Okay it does. Right moving on, a couple more pictures taken by Tim “the lucky bugger with a new camera” Beresford. And for those of you pointing at the screen and beckoning over complete strangers for a laugh at ‘dwarf-leg-man“, I think you will find that I am riding in the new-school style of “crouching badger, hidden terror

Indeed, this is a style that is well displayed here.

The smell of fear was wafting up from my ample behind I can tell you*, and I was very happy to have the big unit all the way back there. An over the bars exit would have been rewarded by a spiky meeting with some pointy ground and some optional groaning.

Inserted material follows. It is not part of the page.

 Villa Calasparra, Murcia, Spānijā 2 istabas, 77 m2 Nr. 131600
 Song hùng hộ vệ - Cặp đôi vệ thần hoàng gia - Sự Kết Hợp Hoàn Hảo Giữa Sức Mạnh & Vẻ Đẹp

I did have a number of attempts at not riding that, and only managed to roll over the drop when bottling out became the more dangerous alternative. Quite pleased that I’ve not become a complete wuss, although those 2.1 tyres are perilously close to lycra in the wardrobe.

They’ll be off after HONC, as will I probably. My post HONC warm down regime is currently based around setting fire to every bicycle I own and buying a motorbike.

Anyway, in a break from Hedgehog tradition, here’s a picture of a proper rider. I quite like the way Tim appears to have gone all Praying Mantis over his handlebars.

* even if you probably didn’t want to know.